“Dreaming, after all, is a form of planning.” – Gloria Steinem
A financial plan is a powerful personal finance tool. Regardless of where you stand in your wealth creation journey or where you are headed career-wise, a financial plan is empowering. Here are three ways in which a financial plan adds value.
1. Deciding financial goals
What are financial goals? Put simply, financial goals are aspirations that can be fulfilled using money. So, your financial goals could range from taking a vacation next month, setting aside money for retirement, providing for charitable causes, or providing for your family. A financial plan could help you identify your financial goals.

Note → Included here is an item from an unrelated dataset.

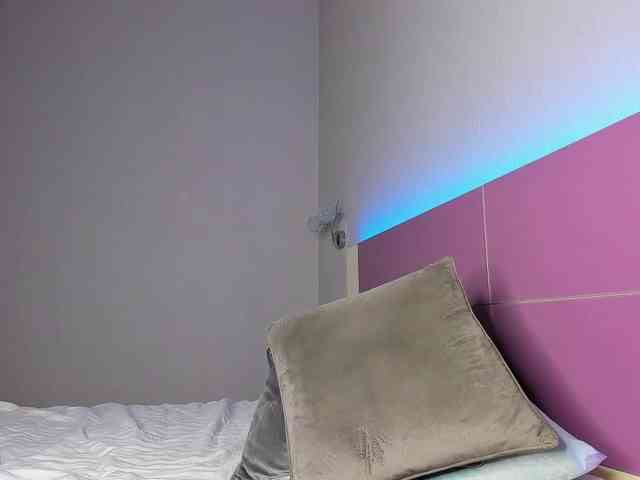 NaughtyBlond4 webcam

2. Developing financial goals
Once you decide on your financial goals, it’s important to develop them. A financial plan enables this by providing clarity on which financial goals are most important to you. A plan also tells you exactly how much you would need to save towards each goal. In the development phase, the financial plan breaks financial goals into smaller actionable tasks.
3. Understanding and evaluating risk
Risk management is often side-lined in personal finance. Through a financial plan, it becomes clear that risk manifests in many forms. There’s the risk of not beating inflation in the long-term, not being able to fulfill financial goals, losing money in investments, or facing difficult times. Planning allows you to evaluate, assess, and prepare for any risk that may materialize. Proper risk management ensures that your ship sails as smoothly as possible even when the winds are not in your favor.
Ultimately, a financial plan could help recognize, prioritize and provide for financial goals and insulate you from risk.